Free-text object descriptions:
•••
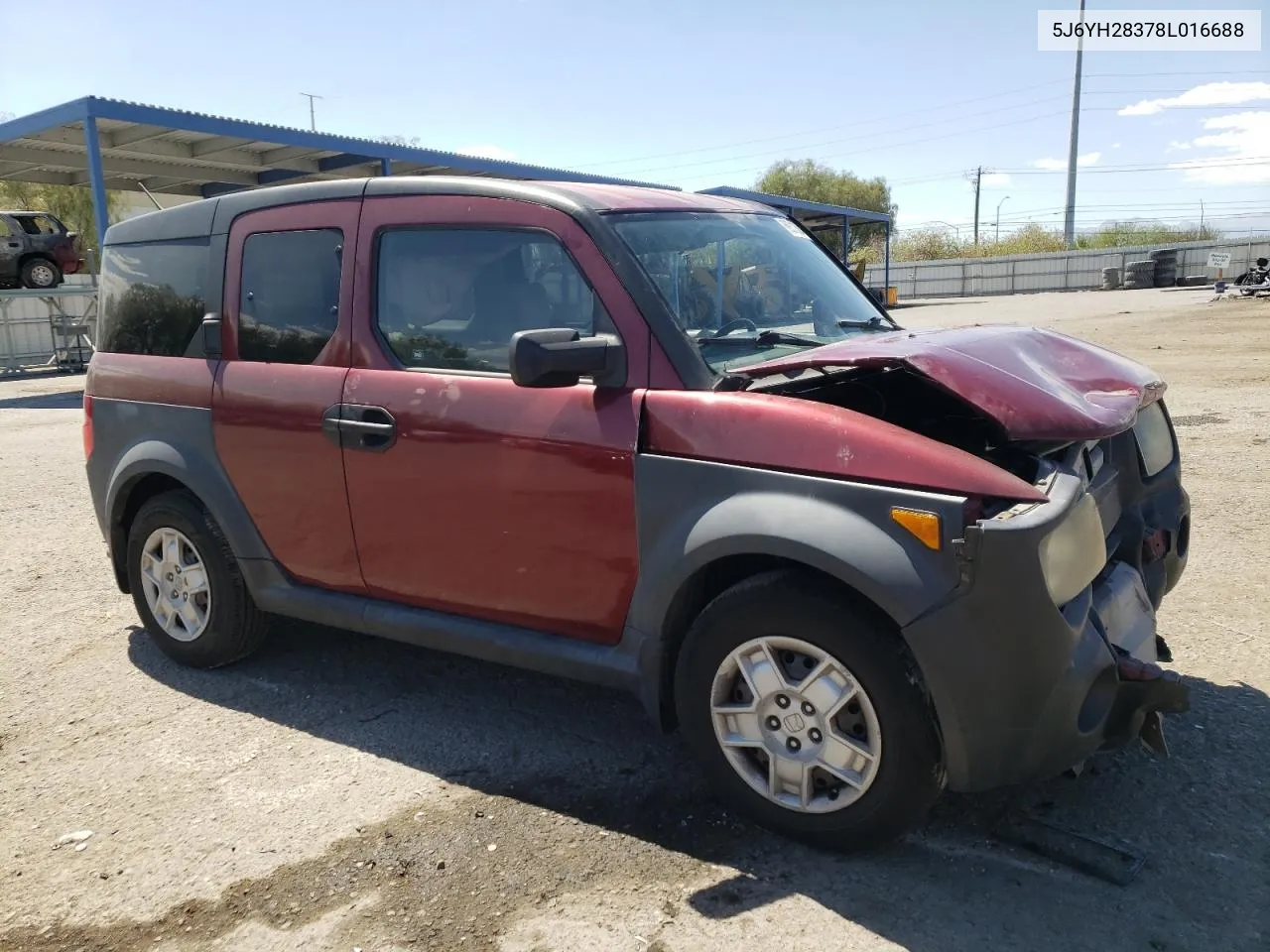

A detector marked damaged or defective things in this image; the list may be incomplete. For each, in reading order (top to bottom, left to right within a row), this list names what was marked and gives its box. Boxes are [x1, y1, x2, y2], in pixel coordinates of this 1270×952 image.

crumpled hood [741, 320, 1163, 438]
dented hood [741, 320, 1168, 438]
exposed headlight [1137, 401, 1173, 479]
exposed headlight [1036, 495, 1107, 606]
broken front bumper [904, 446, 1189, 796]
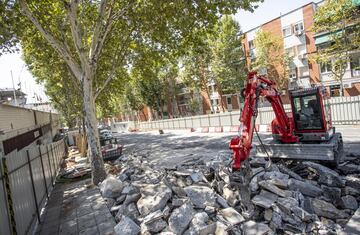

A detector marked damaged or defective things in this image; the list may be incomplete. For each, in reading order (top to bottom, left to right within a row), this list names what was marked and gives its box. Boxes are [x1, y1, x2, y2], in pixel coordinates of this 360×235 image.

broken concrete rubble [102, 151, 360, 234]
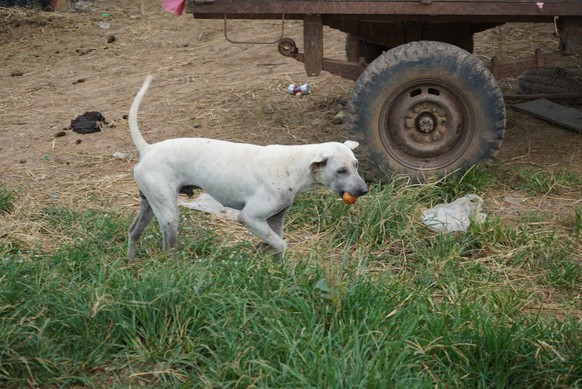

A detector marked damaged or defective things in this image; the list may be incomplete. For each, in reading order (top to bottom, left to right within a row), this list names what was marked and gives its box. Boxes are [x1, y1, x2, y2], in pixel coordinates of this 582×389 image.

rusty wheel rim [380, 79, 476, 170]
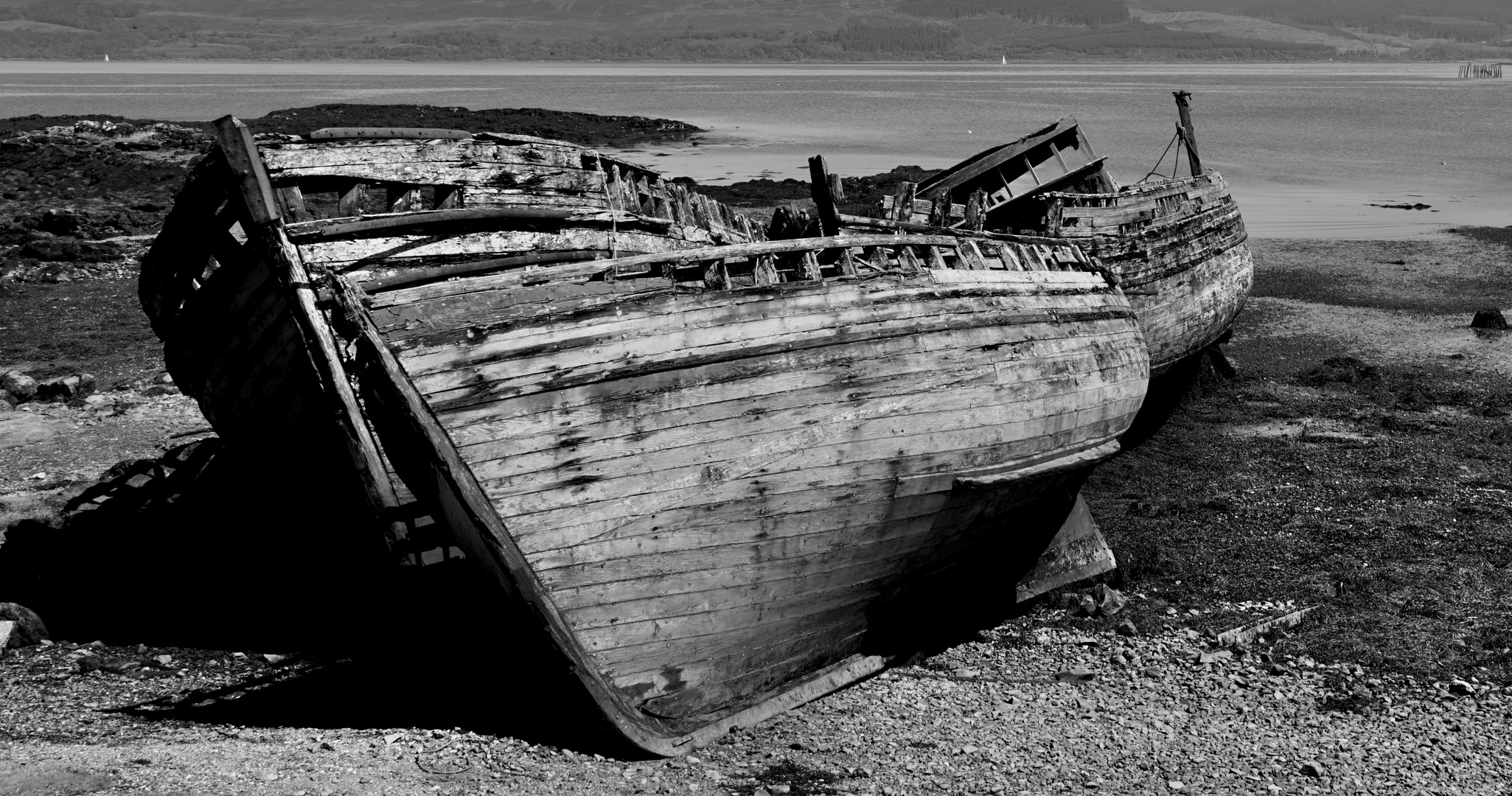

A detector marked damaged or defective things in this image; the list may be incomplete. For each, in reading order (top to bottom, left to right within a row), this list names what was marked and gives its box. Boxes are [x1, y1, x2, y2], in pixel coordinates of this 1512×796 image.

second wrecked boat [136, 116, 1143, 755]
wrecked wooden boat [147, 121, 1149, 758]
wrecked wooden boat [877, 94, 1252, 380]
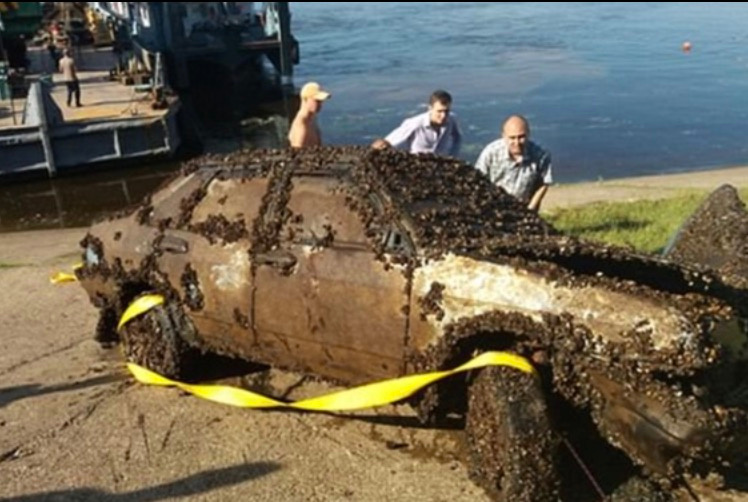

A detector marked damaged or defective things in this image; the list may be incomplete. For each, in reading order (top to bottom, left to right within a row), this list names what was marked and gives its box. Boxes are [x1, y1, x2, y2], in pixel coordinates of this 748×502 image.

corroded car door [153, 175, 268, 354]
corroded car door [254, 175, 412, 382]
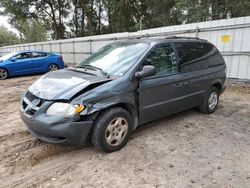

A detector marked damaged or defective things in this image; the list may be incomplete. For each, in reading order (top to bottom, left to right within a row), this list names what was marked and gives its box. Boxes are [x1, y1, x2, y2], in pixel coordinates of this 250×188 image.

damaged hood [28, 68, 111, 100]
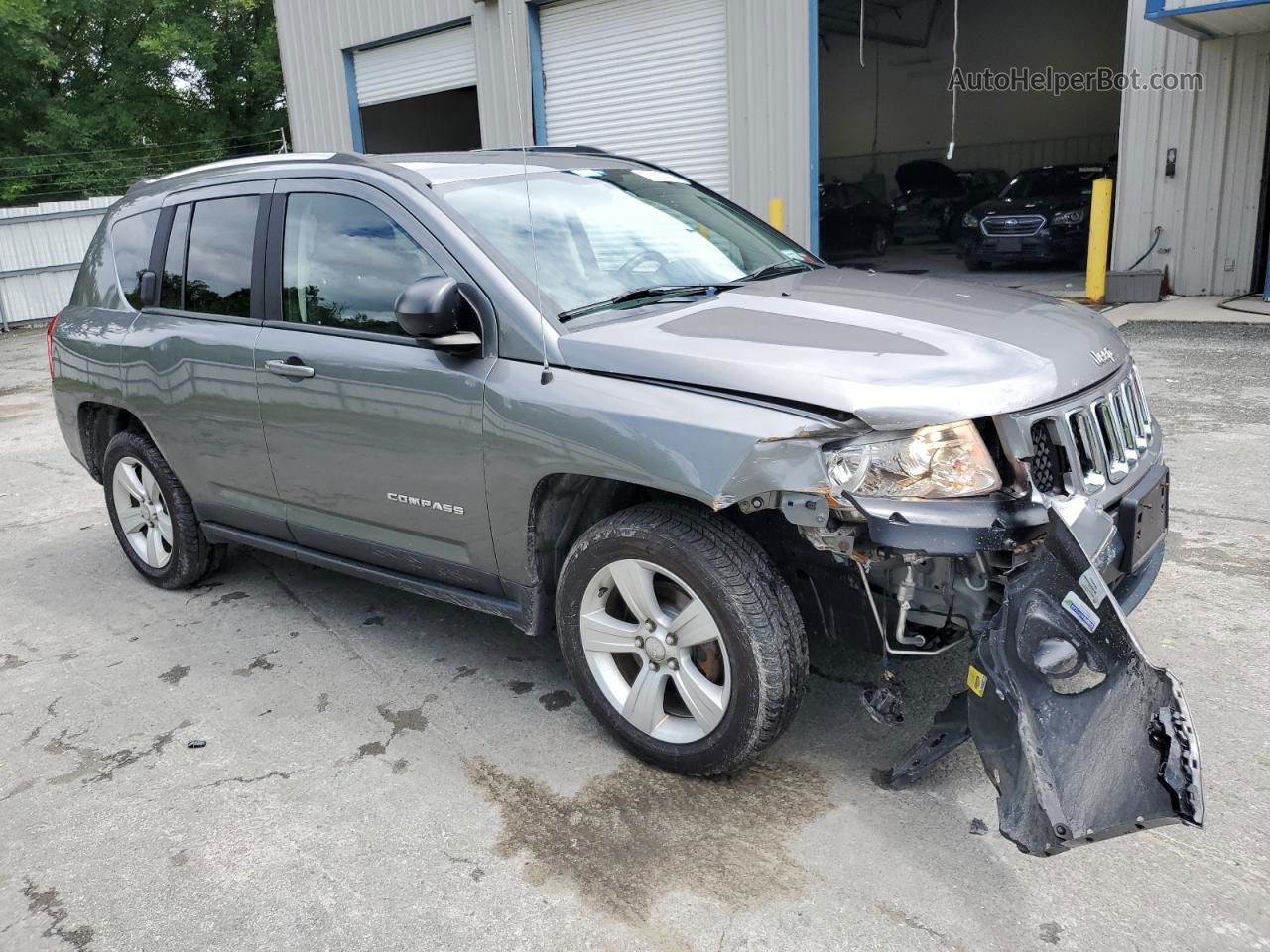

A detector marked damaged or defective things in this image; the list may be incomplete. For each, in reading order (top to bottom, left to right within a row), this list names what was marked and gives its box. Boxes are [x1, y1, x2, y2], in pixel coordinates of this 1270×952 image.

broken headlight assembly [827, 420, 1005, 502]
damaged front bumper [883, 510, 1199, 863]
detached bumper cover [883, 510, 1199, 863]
•••
■ TASK INSTRUCTIONS ■
The answer is the records above, repeated exactly, with no picture in it.

■ EXERCISE OUTPUT ■
A detector marked damaged or defective things in this image; the list may be incomplete. For each, in reading order (top to bottom, left to right within a row), this list names what was marked and gives its box. Boxes are [x1, y1, x2, y2], in pixel coordinates of this 1270×952 image.

crumpled hood [741, 320, 1163, 438]
dented hood [741, 320, 1168, 438]
exposed headlight [1137, 401, 1173, 479]
exposed headlight [1036, 495, 1107, 606]
broken front bumper [904, 446, 1189, 796]

A detector marked damaged or defective things in this image; the list may be incomplete. For each, in reading order (top to bottom, left to right within a row), this list names what was marked and gives its box. Boxes are [x1, y1, x2, y2], in pixel coordinates of this 360×235 image.

broken concrete rubble [102, 151, 360, 234]

A detector marked damaged or defective things in this image; the list may be incomplete. For each, in reading order (top to bottom, left to right within a row), this list names what was marked and gives its box. Boxes are [x1, y1, x2, y2], in pixel coordinates of this 582×389 image.

rusty wheel rim [380, 79, 476, 170]

A detector marked damaged or defective things in this image; the list may be incomplete. For each, in reading order (top to bottom, left to right within a row), this list names what was marked and gives its box. Boxes are [x1, y1, x2, y2], in pixel coordinates of this 1512×796 image.

second wrecked boat [136, 116, 1143, 755]
wrecked wooden boat [147, 121, 1149, 758]
wrecked wooden boat [877, 94, 1252, 380]

A detector marked damaged or defective things in this image; the list may be incomplete. For each, in reading order (top to bottom, left to right within a row), this list names what was marked and gives its box. Boxes are [x1, y1, x2, y2], in pixel coordinates of this 748×502 image.

corroded car door [153, 175, 268, 354]
corroded car door [254, 175, 412, 382]

A detector marked damaged or defective things in this image; the list may be incomplete. For each, in reading order (top to bottom, left to right within a row), this list names what was marked and gives its box. Boxes are [x1, y1, x2, y2], in pixel coordinates of this 250×188 image.

damaged hood [28, 68, 111, 100]

A detector marked damaged or defective things in this image; the list may be incomplete. For each, in reading order (top to bottom, left to right within a row), this list names what was marked and gives its box. Boxes are [x1, y1, x2, y2], in pixel coordinates of this 1270×952 image.

broken headlight assembly [827, 420, 1005, 502]
damaged front bumper [883, 510, 1199, 863]
detached bumper cover [883, 510, 1199, 863]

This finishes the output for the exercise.